Allerdings: An manchen Häuserfassaden sind Einschusslöcher zu erkennen. Und wer von der Gazi Caddessi aus ins Gassengewirr der Altstadt abbiegen will, der stößt allenthalben auf meterhohe Beton-Barrikaden. Die Polizei hat das Viertel abgeriegelt, in dem monatelang geschossen und gekämpft wurde.
Genau dort, mitten im Altstadtviertel, hat Muhammed seine Wohnung. Seinen richtigen Namen möchte er lieber nicht nennen. Er fühlt sich rechtlos. Seitdem er im Januar vor den Kämpfen in seinem Wohnviertel flüchtete, durfte er nicht wieder hinein in den abgesperrten Teil der Altstadt:
"Du kannst nicht mal reingucken. Die haben alles mit Sichtblenden abgesperrt. Was hinter den Mauern passiert, weiß ich nicht."
Ob es seine Eigentumswohnung hinter der Absperrung überhaupt noch gibt oder ob sie in Trümmern liegt - Muhammed weiß es nicht.
Wahrscheinlich haben sie die Wohnungen zerstört, fürchtet Mohammed.
Flüchtlinge in der eigenen Stadt
Die Polizei hat in der vergangenen Woche einen kleinen Teil der abgesperrten Altstadt wieder freigegeben.
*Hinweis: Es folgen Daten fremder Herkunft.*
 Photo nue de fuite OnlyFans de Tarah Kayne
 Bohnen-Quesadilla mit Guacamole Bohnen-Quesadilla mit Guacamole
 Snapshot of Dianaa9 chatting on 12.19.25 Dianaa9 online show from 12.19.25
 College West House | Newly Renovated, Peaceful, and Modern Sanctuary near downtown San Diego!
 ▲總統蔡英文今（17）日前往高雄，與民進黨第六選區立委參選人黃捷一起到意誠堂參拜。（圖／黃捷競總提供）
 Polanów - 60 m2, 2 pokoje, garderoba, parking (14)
Dort, wo einst Dutzende Familien in einem Gassengewirr lebten, klafft jetzt eine große Freifläche. Die zerschossenen Wohnhäuser wurden abgerissen; der Bauschutt abtransportiert. Weiter hinten, irgendwo außerhalb der Sichtweite, liegt das Viertel, in dem Muhammed wohnte; sein Viertel ist nach wie vor Sperrgebiet.
"Ich weiß nichts; sie geben keine Informationen."
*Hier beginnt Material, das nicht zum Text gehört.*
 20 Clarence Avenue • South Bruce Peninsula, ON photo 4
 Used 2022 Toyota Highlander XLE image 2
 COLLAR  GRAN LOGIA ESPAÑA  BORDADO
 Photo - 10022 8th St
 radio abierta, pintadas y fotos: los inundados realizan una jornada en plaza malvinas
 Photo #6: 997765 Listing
Wie Muhammed geht es Tausenden in der Altstadt von Diyarbakir. Sie sind Flüchtlinge in der eigenen Stadt. Muhammed lebt jetzt mit seiner Frau und seinen drei Kindern am Stadtrand in einem öden Neubauviertel, wie er sagt. Immer wieder fährt Muhammed eine dreiviertel Stunde mit dem Bus in die Altstadt, um seine Freunde zu treffen.
Seine Freunde haben jetzt oft viel Zeit für einen Tee, denn viele von ihnen sind arbeitslos. Die Wirtschaft Diyarbakirs liegt am Boden.
"Ich habe trotzdem noch Hoffnung"
Sam hat früher Touristen durch Diyarbakir geführt - früher, vor gerade mal einem Jahr, als es hier noch aufwärts ging, als die türkische Regierung und die PKK über Frieden verhandelten.
Sam mag nicht beurteilen, wer die größere Schuld am wieder aufgeflammten Konflikt trägt: die PKK oder die türkische Regierung. Er schaut lieber nach vorn:
"Ich habe trotzdem noch Hoffnung. Ich hoffe, dass sie wieder verhandeln werden. Das ist meine Hoffnung. Wenn Du die Hoffnung verlierst, bist Du am Ende."
Doch Muhammed, der sich nach seiner Wohnung in der Altstadt sehnt, schüttelt den Kopf:
Ich glaub nicht, dass es besser wird, sagt er. Ich fürchte es wird noch sehr schlimm werden, sagt er, denn zu viele Hoffnungen wurden schon enttäuscht im kurdischen Südosten der Türkei.